Ses conditions d’octroi répondent à plusieurs critères. Il faut obtenir l’aval d’une commission de l’office du tourisme, non sans l’approbation du ministère de l’Intérieur dont les décisions, de donner ou non la licence restent arbitraires. Il faut aussi obtenir l’accord des politiques qui gèrent les municipalités, et ont donc leur mot à dire dans l’ouverture d’un débit de boissons ou d’un bar.
En 2016, la Tunisie était classée par l’Organisation mondiale de la santé (OMS) premier pays arabe consommateur d’alcool
Si le monde de la nuit s’épanouit dans la capitale et dans les villes côtières, la libéralisation de l’alcool reste encore taboue.

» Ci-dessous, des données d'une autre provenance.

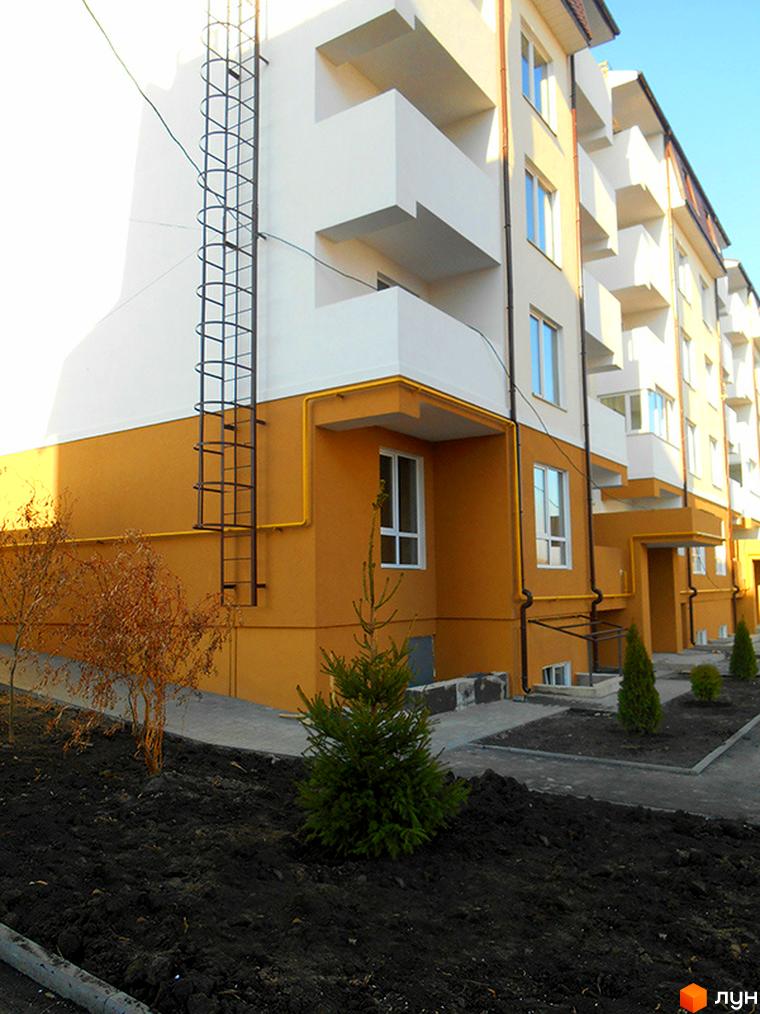 Житловий комплекс Затишне містечко. Фасад будинку з балконами та вікнами, зовнішня драбина та жовті комунікації. Прибудинкова територія з деревами та землею.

Et le marché noir, lui, bat son plein.
En 2016, la Tunisie était classée par l’Organisation mondiale de la santé (OMS) comme le premier pays arabe consommateur d’alcool avec 26,2 litres par an et par habitant, soit plus que… l’Italie et la France !
Il n’est pas rare pour les Tunisiens de faire des queues de plusieurs heures dans les supermarchés – dans, mais aussi dehors, car c’est une spécificité tunisienne, les bières se vendent aussi dans des dépôts à l’extérieur des enseignes.
Il faut dire que le rapport des Tunisiens à l’alcool reste ambigu, dans un pays d’identité et de culture musulmanes.
Outrage aux bonnes mœurs
Cette année, à Béja (nord), deux hommes ont été interpellés par la police alors qu’ils consommaient de l’alcool dans une maison, dénoncés par leurs voisins.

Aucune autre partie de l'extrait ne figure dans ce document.